In 1965 the 32-year old Shorter gathered round him the ultimate dream team of the time: the rightly ubiquitous Freddie Hubbard on trumpet, impeccably tactful McCoy Tyner on piano, superb bassist Ron Carter, restlesssly inventive Tony Williams occupying the drum seat, and the much lesser known James Spaulding taking alto sax duties and soloing like a man possessed. In fact it`s the two saxes that make this date so enthralling. Shorter & Spaulding have quite different approaches yet they complement each other beautifully. (In fact Spaulding`s alto is something I shall make it my business to further seek out.) There`s a palpable sense of excitement running through the whole album, from the great opener Lost into the following edge-of-the-seat trio of Angola, the wonderful The Big Push, and the relentless title track. After such an adrenaline rush the relative balm of Shorter`s lovely tribute, Lady Day, is most welcome.
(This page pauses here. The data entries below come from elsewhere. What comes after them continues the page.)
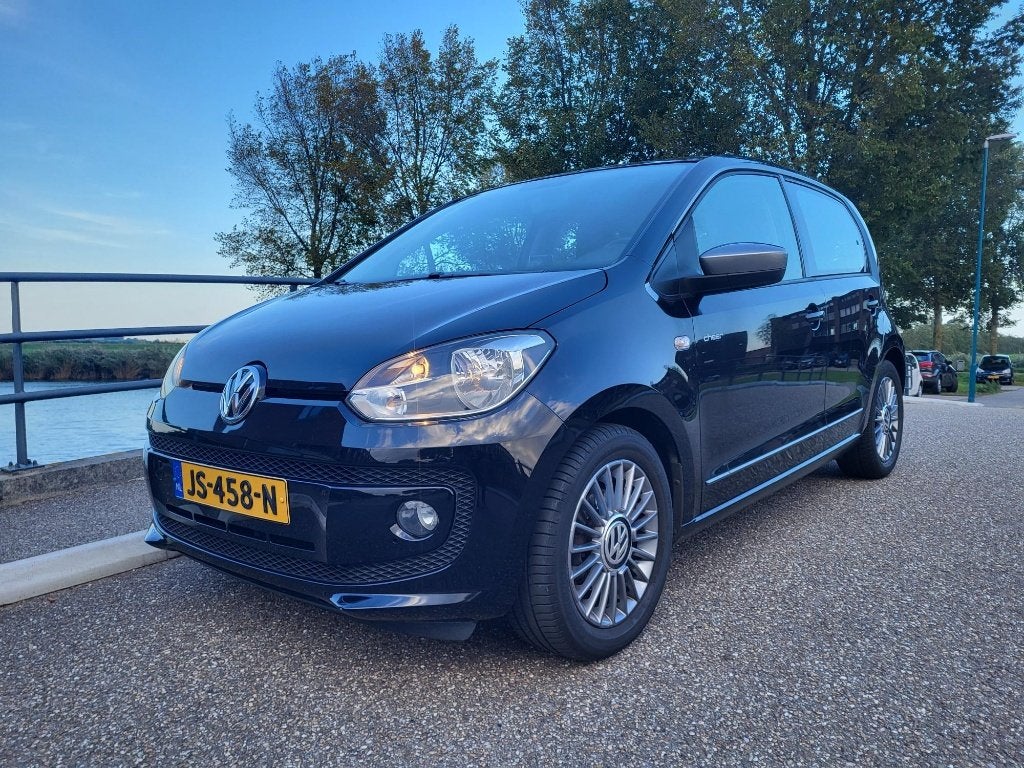 VW up 1.0 55KW = High Up - 2013 Zwart- Cheer- Blue Motion., Auto's, Voorwielaandrijving, Stof, Up!, 840 kg
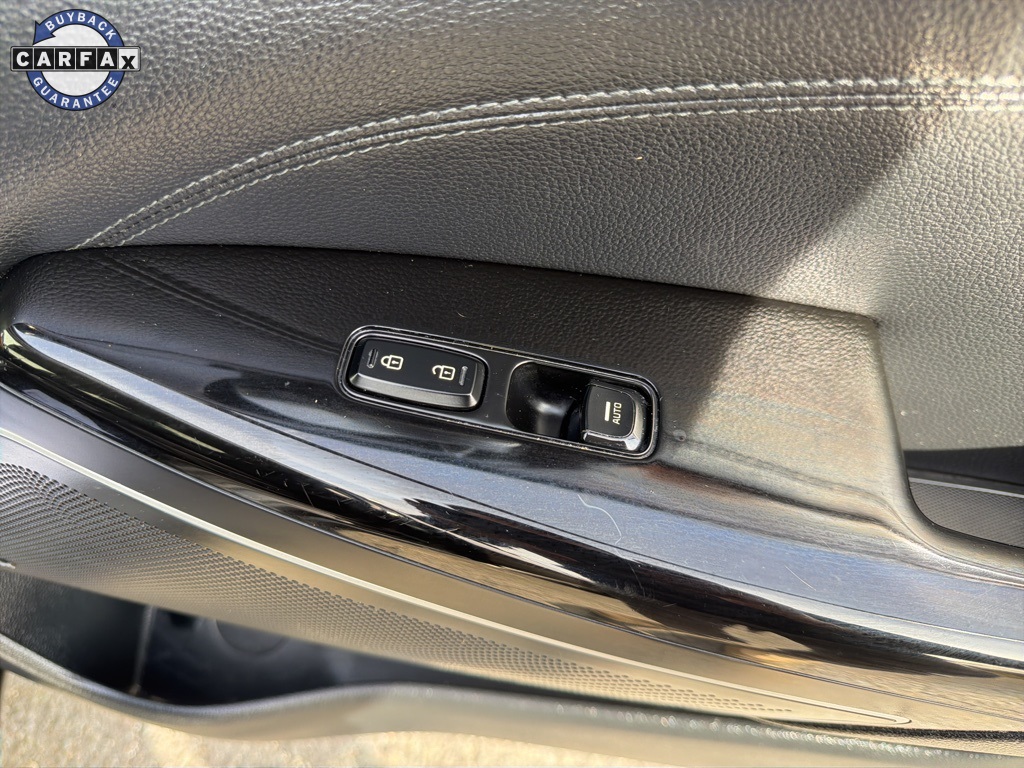 2017 Kia Cadenza Premium Image 29 of 37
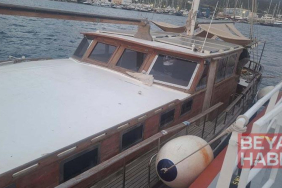 Su alan içinde 3 kişinin bulunduğu tekne, kurtarıldı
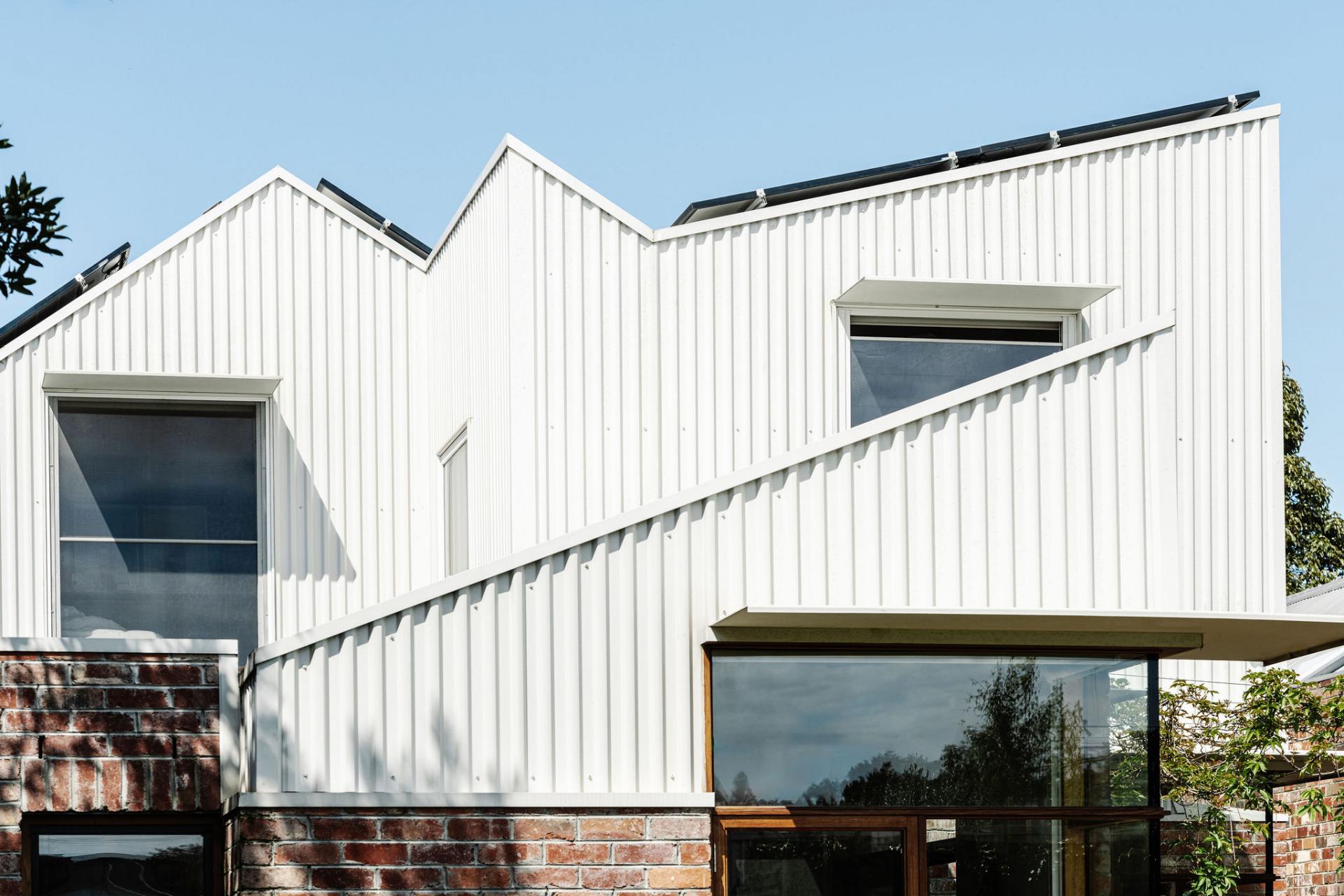 This Australian Bungalow Folds Like the Chatterbox Game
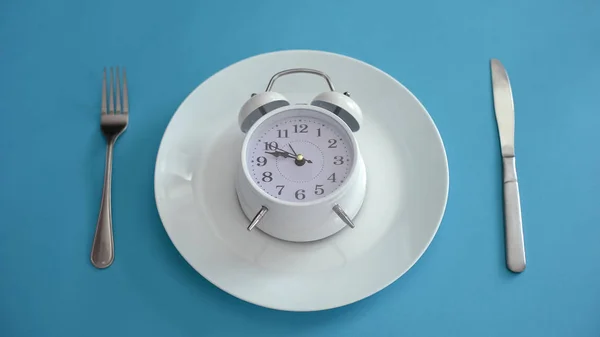 Çalar Saat Plaka Üzerinde Uygun Diyet Zaman Doğru Beslenme Disiplin — Stok fotoğraf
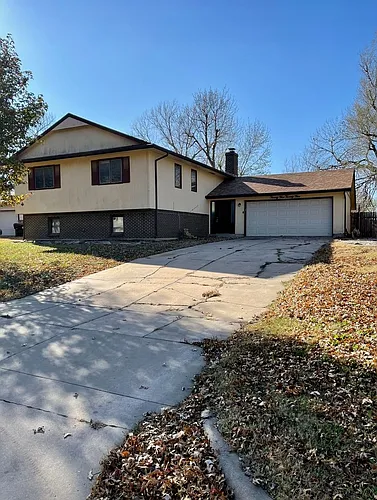 2525 N Bleckley St Photo 1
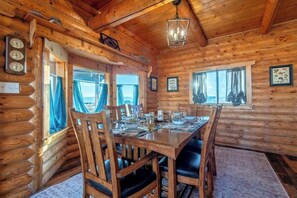 Dining - Teton Homestead: Cabin on 5 Acres + Epic Tetons (Driggs)
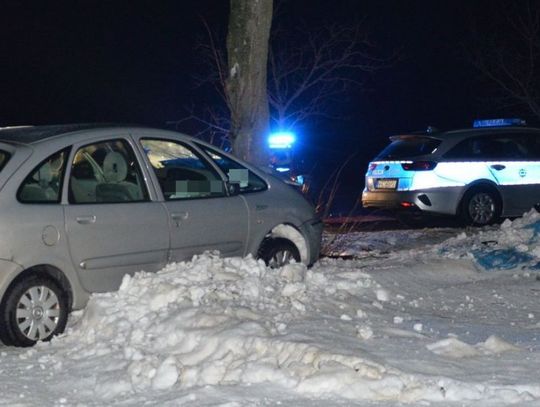 Citroenem w drzewo i pędem przez pola. Mówił, że gonił... złodzieja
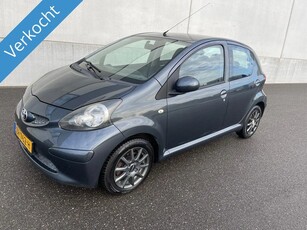 Toyota TOYOTA AYGO 5 deurs nette staat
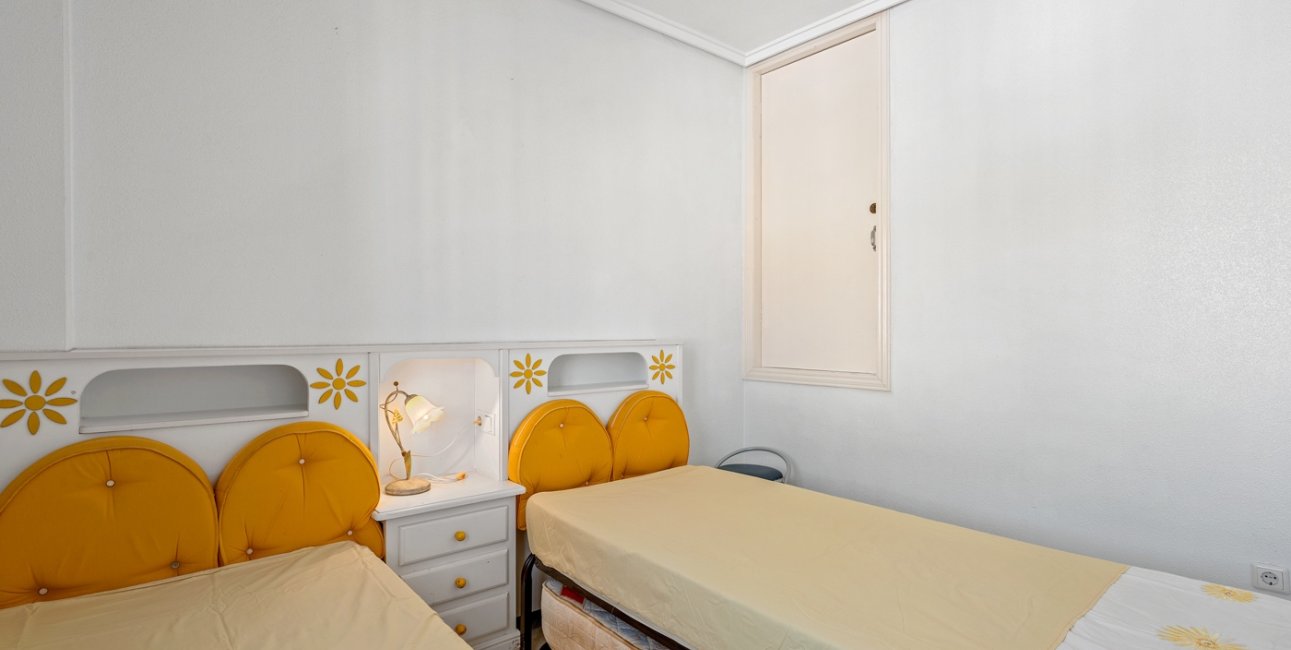 Resale - Townhouse -
Ciudad Quesada - Doña Pepa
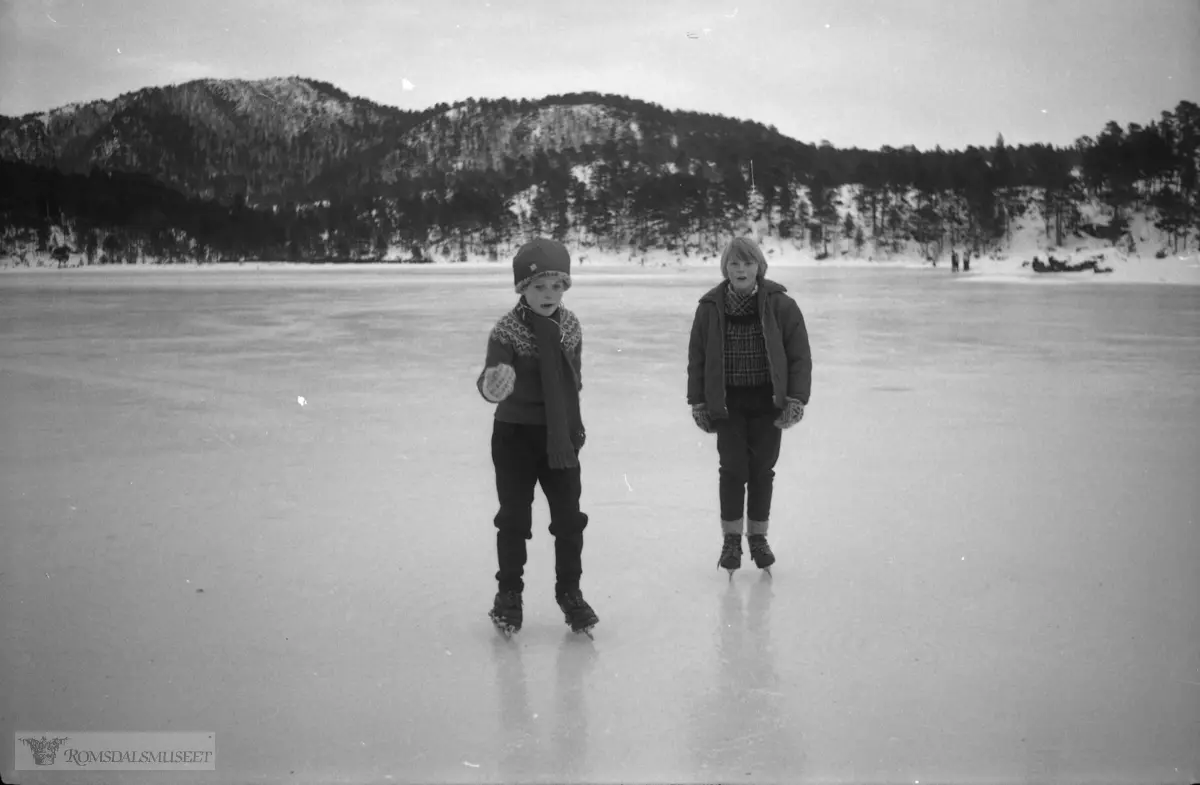 "november-desember 1963. mykje Pål".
WS shows his taste by his arrangement of one of the tone poems of Finnish composer Sibelius - strange but apt that both the Finn and the American often wrote oblique music that did not readily yield up its beauties.
I`d have given much to have been able to be in the Van Gelder studio to hear this incredible album recorded (in one day!) and to see the faces of this choice sextet as they made this music, which they surely must have known was something a bit special.
I have a few Wayne Shorter CDs of the period, and they`re all, without exception, essential listening. Difficult to believe this enigmatic musician-composer is now 77 years old. On The Soothsayer, as on all those classic late 50s/60s albums, he sounds forever ageless - like this great music.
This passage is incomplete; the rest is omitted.